* **The task**: Below are entries; copy exactly, and only, the lines from the one containing "FRED PERRY ×" through their final line, leaving out pictures.

* **Dataset**:
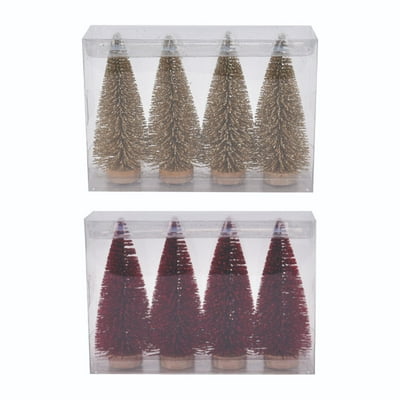 Set De 4 Pinos Decorativos, Color Surtido, 1 Un  Holiday Time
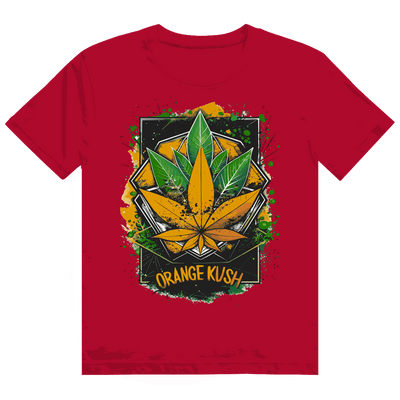 Heavy Cotton T-Shirt - Orange Kush | Division420®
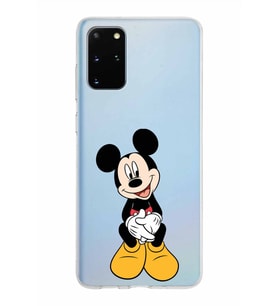 Samsung Galaxy S20 Plus Kapak Mickey Mouse Tasarımlı Şeffaf Silikon Kılıf
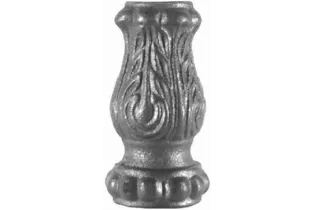 pièce élément ferronnier serrurier Garniture RONDE Diamètre 38 Hauteur 72 Passage 16 FONTE Ref: G9-16D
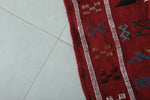 Handcrafted Red Moroccan Rug – 3.1 FT x 5.1 FT | Authentic Berber Patterns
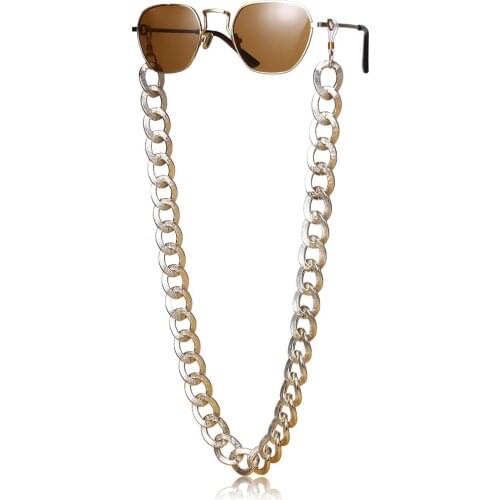 Fashion Metal Eyeglass Chains Women Sunglasses Holder Necklace Reading Glasses Non-slip Lanyard Gold Plated Eyewear Accessories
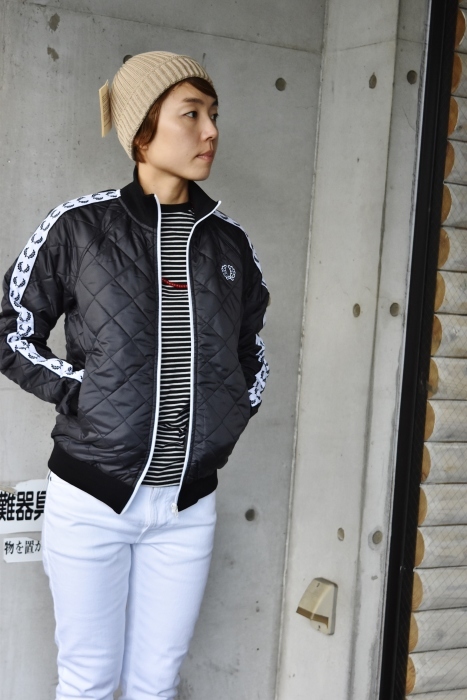 FRED PERRY × LAVENHAM 。。。コラボレート限定・QUILT TRACK JACKET!★!_d0152280_06221670.jpg
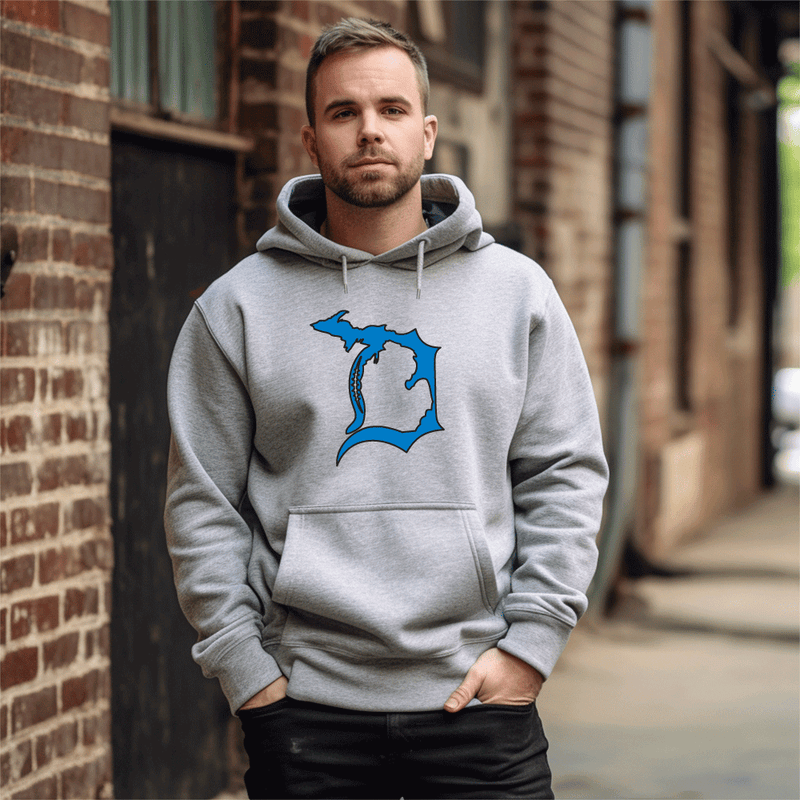 "Football In The D"Men's Classic Hoodie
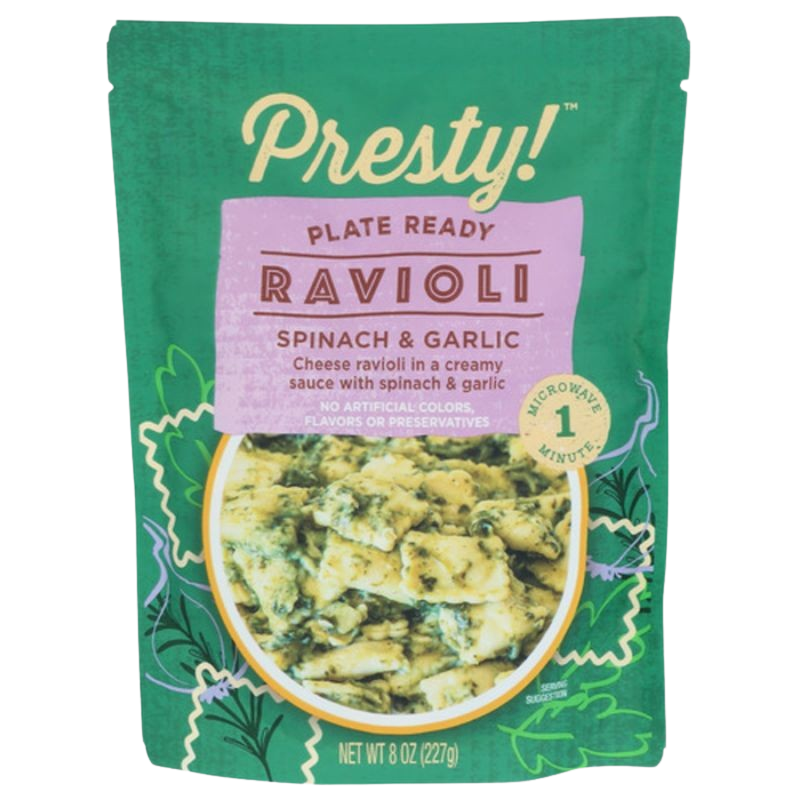 Spinach & Garlic Ravioli (6 Pack)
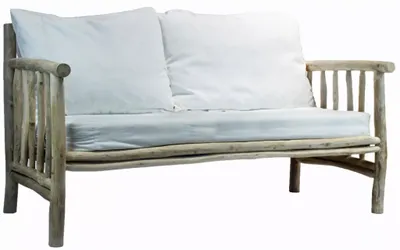 Loveseat Teak - incl. kussens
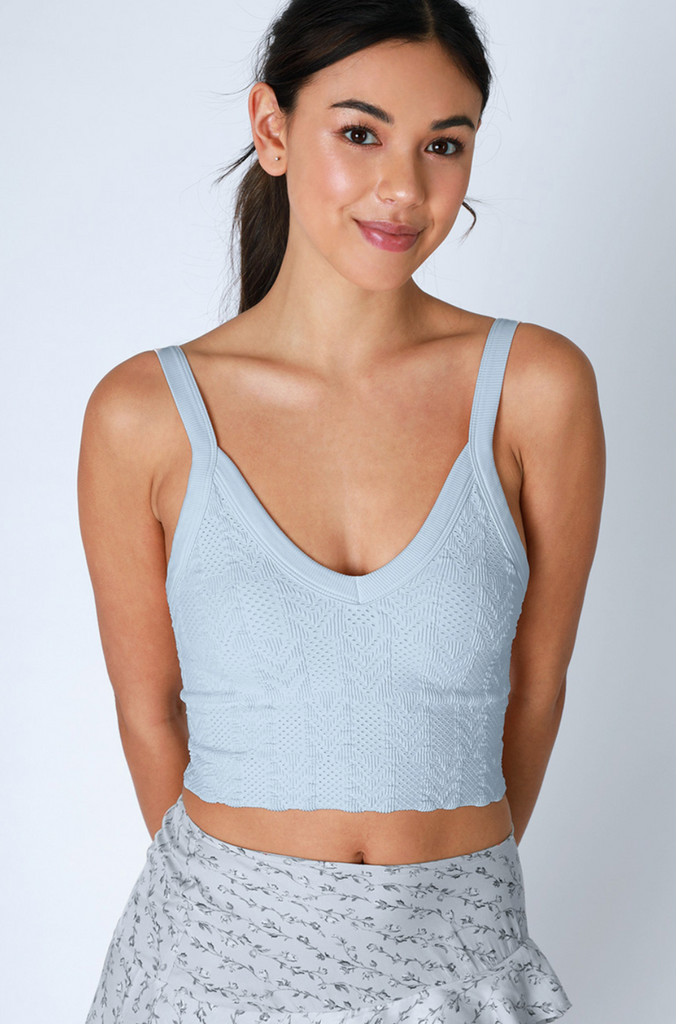 Lace Textured Crop Top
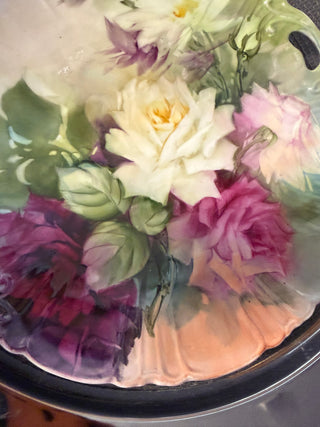 Vintage China Platter 12" Handpainted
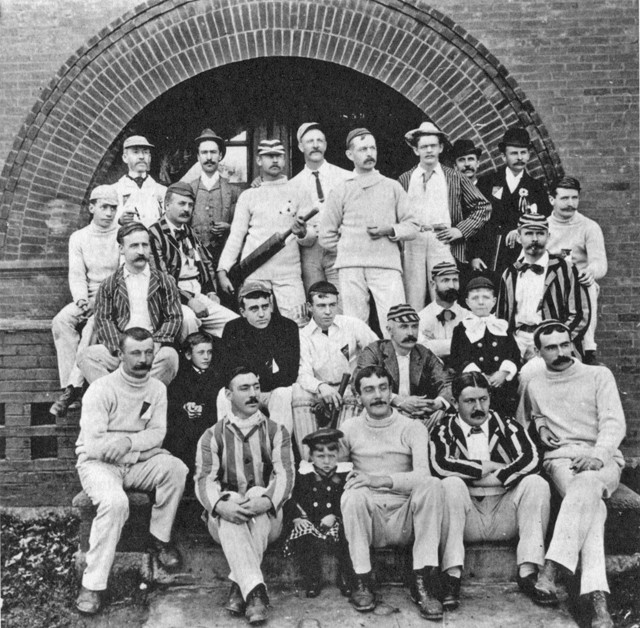 Herd of hipsters? No, it's a 19th century cricket team from this year's book about the Detroit Athletic Club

* **Written answer**:
 FRED PERRY × LAVENHAM 。。。コラボレート限定・QUILT TRACK JACKET!★!_d0152280_06221670.jpg
 "Football In The D"Men's Classic Hoodie
 Spinach & Garlic Ravioli (6 Pack)
 Loveseat Teak - incl. kussens
 Lace Textured Crop Top
 Vintage China Platter 12" Handpainted
 Herd of hipsters? No, it's a 19th century cricket team from this year's book about the Detroit Athletic Club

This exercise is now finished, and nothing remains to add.